The production of potatoes from Central Saanich, east of the West Saanich Road, was banned in 1982 due to infestation by the golden nematode. Potatoes from this region of Central Saanich are banned from entry into the United States.

==Notable people==
- Jamie Benn, ice hockey winger for the Dallas Stars of the National Hockey League (NHL).
- Silken Laumann, Canadian champion rower.

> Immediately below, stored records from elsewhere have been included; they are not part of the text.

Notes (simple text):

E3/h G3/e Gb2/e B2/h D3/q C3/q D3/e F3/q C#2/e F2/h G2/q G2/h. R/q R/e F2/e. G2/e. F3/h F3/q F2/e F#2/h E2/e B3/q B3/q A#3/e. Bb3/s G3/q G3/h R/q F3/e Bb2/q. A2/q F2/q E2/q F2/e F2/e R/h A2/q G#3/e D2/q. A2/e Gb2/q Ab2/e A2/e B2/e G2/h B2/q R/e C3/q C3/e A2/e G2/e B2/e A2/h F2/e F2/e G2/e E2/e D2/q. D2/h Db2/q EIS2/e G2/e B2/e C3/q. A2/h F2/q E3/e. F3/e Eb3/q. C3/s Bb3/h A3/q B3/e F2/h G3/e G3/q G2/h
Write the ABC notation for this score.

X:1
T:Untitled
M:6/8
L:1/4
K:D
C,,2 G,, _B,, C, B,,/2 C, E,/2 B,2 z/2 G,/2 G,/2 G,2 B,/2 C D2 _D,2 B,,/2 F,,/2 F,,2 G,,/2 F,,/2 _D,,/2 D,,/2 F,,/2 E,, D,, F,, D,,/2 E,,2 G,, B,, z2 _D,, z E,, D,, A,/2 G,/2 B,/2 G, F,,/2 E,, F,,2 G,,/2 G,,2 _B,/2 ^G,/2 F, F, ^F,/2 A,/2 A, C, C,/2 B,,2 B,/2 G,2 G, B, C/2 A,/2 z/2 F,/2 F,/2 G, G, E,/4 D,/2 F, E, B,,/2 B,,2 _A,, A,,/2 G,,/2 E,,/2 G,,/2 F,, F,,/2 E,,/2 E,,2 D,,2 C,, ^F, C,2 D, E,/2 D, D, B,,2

- Wife and husband Lorna Crozier and Patrick Lane, both award-winning Canadian poets.
- Roy Sydney Baker-Falkner, grew up in Saanich in the 1920s and went on to be one of the top Second World War Naval Aviators from Canada and UK., and one of the few Canadians who took part in the Battle of Britain.